→ Exercise requirements: Reproduce every line below exactly as written; do not include the images.

→ Records to use:
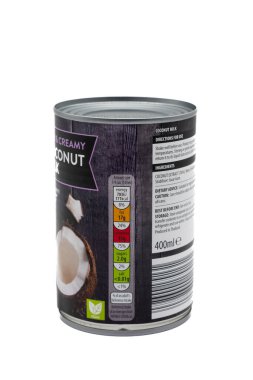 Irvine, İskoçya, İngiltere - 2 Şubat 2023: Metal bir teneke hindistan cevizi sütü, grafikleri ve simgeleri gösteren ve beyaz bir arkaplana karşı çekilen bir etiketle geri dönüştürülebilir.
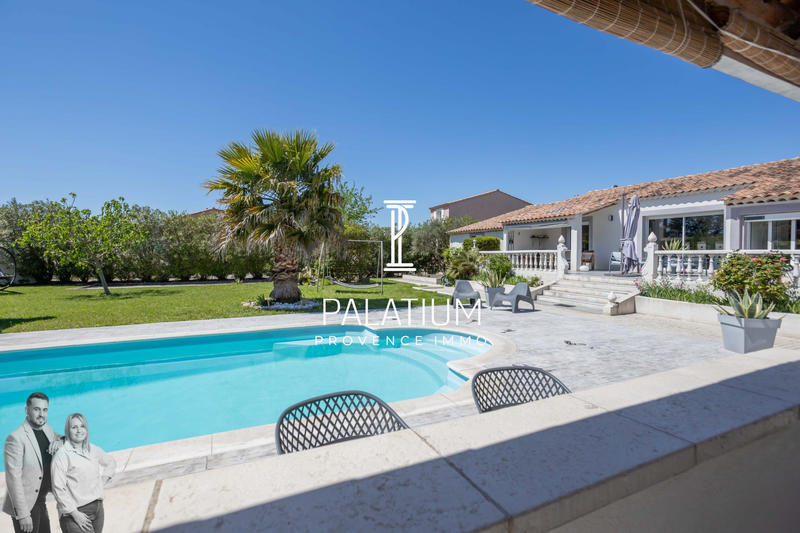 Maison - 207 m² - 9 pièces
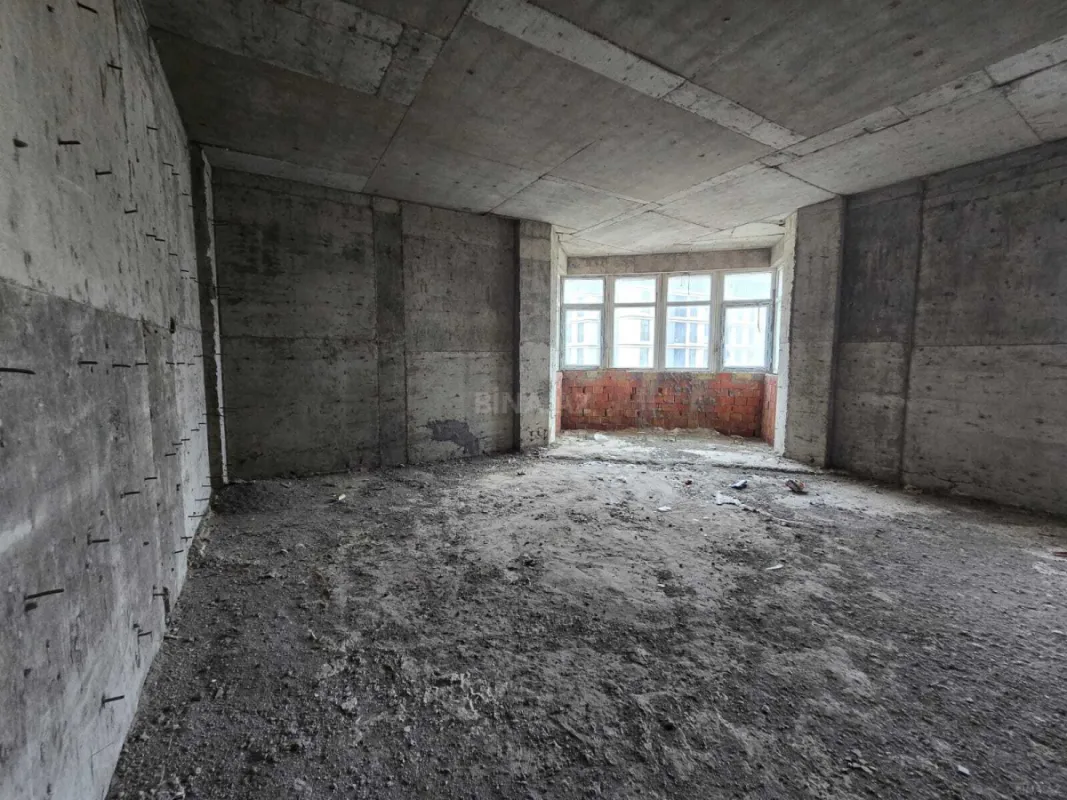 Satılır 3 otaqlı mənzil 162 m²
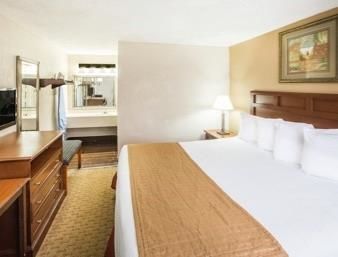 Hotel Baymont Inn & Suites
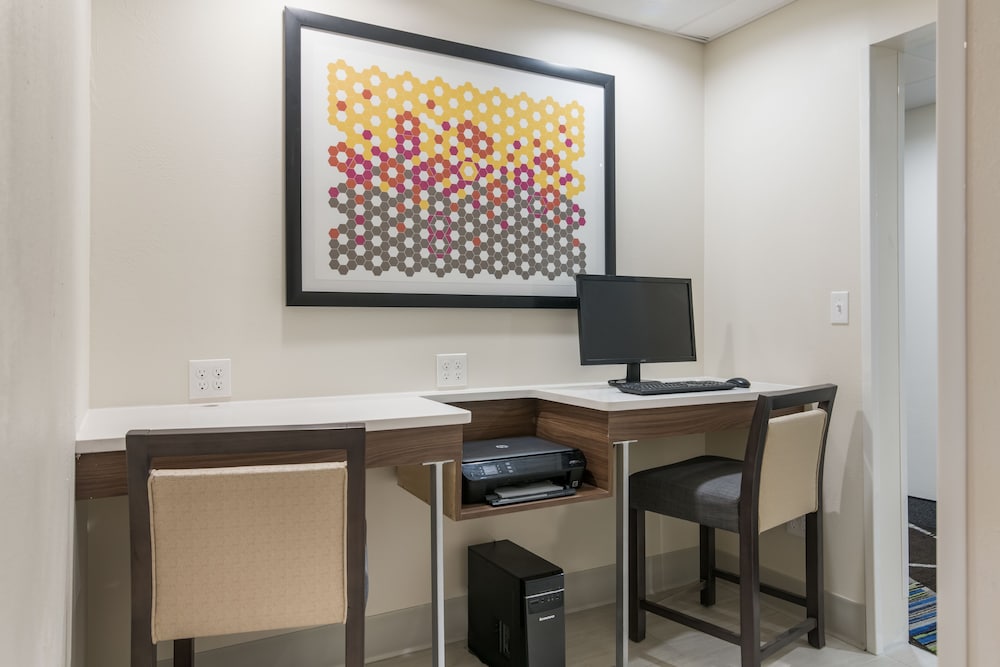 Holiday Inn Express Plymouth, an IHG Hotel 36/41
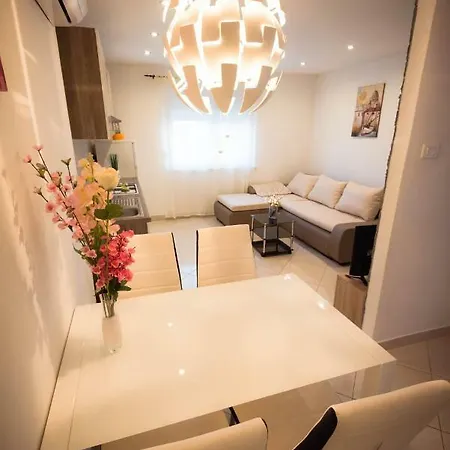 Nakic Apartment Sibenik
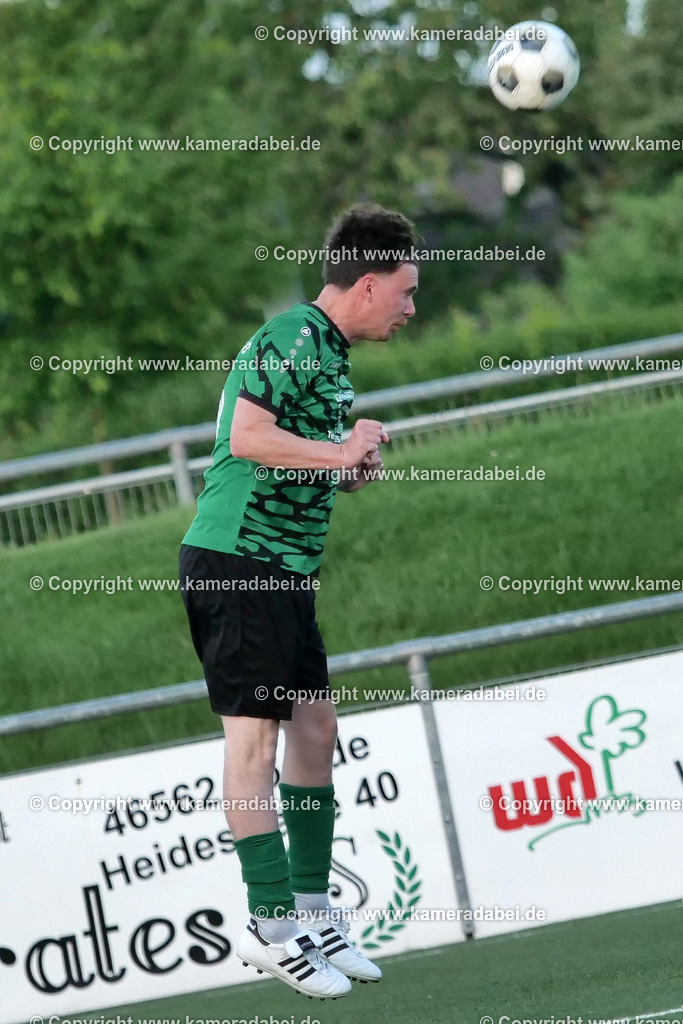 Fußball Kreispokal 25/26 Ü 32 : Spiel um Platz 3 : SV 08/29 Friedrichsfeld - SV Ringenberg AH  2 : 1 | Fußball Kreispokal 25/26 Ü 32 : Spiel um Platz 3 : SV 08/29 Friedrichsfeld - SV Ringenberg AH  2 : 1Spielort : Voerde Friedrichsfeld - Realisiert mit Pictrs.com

→ Exercise result:
 Irvine, İskoçya, İngiltere - 2 Şubat 2023: Metal bir teneke hindistan cevizi sütü, grafikleri ve simgeleri gösteren ve beyaz bir arkaplana karşı çekilen bir etiketle geri dönüştürülebilir.
 Maison - 207 m² - 9 pièces
 Satılır 3 otaqlı mənzil 162 m²
 Hotel Baymont Inn & Suites
 Holiday Inn Express Plymouth, an IHG Hotel 36/41
 Nakic Apartment Sibenik
 Fußball Kreispokal 25/26 Ü 32 : Spiel um Platz 3 : SV 08/29 Friedrichsfeld - SV Ringenberg AH  2 : 1 | Fußball Kreispokal 25/26 Ü 32 : Spiel um Platz 3 : SV 08/29 Friedrichsfeld - SV Ringenberg AH  2 : 1Spielort : Voerde Friedrichsfeld - Realisiert mit Pictrs.com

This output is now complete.